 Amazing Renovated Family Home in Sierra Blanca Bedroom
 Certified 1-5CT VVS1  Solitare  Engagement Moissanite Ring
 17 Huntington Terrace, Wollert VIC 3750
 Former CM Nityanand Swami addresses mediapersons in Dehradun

PROBLEM TO SOLVE » Write out the whole listing exactly.

RESULT OF THE TASK »
 Amazing Renovated Family Home in Sierra Blanca Bedroom
 Certified 1-5CT VVS1  Solitare  Engagement Moissanite Ring
 17 Huntington Terrace, Wollert VIC 3750
 Former CM Nityanand Swami addresses mediapersons in Dehradun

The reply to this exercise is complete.